18 Après la victoire normande, Malaterra, puis l’Anonyme du Vatican (Anon. Vat., p. 753) sont les seuls à témoigner d’une concession territoriale. Celle-ci est définie en ces termes par l’Anonyme du Vatican : totam Apuliam atque Calabriam a finibus Guarnerii usque ad Farum comiti Humfredo et suis successoribus, nequaquam coactus in aliquo, sed sola spontanea voluntate et suorum communi consilio cardinalium regendas semperque possidendas permisit, « il permit au comte Onfroi et à ses successeurs, sans y être en rien forcé mais spontanément, de son propre chef, et sur le conseil unanime de ses cardinaux, de gouverner et de posséder toujours toute la Pouille et toute la Calabre depuis le Gargan jusqu’au Faro ». L’Anonyme du Vatican ne dit donc rien de la Sicile. Chalandon 1907, 142, a supposé que le pape accorda aux Normands une partie des terres de la principauté de Bénévent, et qu’il racheta ainsi sa liberté.

~

a'Desbordes 2006, 205-207, a proposé une traduction de la phrase après avoir rétabli l’expression vita comite d’après Gen. 18, 10 et Gen. 18, 14. La formule est devenue d’un emploi fréquent dès le haut Moyen Âge. On en trouve plusieurs exemples chez Alcuin (Epistolae, E. Dümmler (éd.), MGH Epp., t. IV, Berlin, Weidmann, 1895, Epist. 141, p. 223, l. 16 ; Epist. 160, p. 259, l. 18 ; Epist. 195, p. 323, l. 7).

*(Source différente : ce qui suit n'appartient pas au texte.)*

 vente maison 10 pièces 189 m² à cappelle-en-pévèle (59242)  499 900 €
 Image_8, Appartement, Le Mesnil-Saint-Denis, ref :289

b'Pontieri avait adopté les lectures de B, donnant probablement à la préposition de une valeur instrumentale « en guise de, sous la forme de ». Si l’on revient au texte de AC Z, c’est l’ablatif seul qui a cette valeur, tandis qu’on donne à la préposition de la valeur d’origine qu’elle a très fréquemment en latin médiéval dans les expressions tenere feudum / beneficium de aliquo, « détenir un fief / bénéfice de quelqu’un ». Nous n’avons pas trouvé d’autre exemple du tour de sancto Petro possidere ; il semble comparable à l’expression ex parte sancti Petri possidere présente dans le Registrum de Grégoire VII (E. Caspar (éd.), MGH Epp. sel., t. II, 1, Berlin, Weidmann, 1920, p. 11, l. 27 - p. 12, l. 3) : Itaque comes Evulus de Roceio […] terram illam, ad honorem sancti Petri ingredi et a paganorum manibus eripere cupiens hanc concessionem ab apostolica sede obtinuit ut partem illam unde paganos […] expellere posset, sub conditione inter nos factae pactionis ex parte sancti Petri possideret. Le sens général est donc le même : la papauté reconnaît les Normands comme ses vassaux directs et héréditaires (voir Deér 1972, 100-101).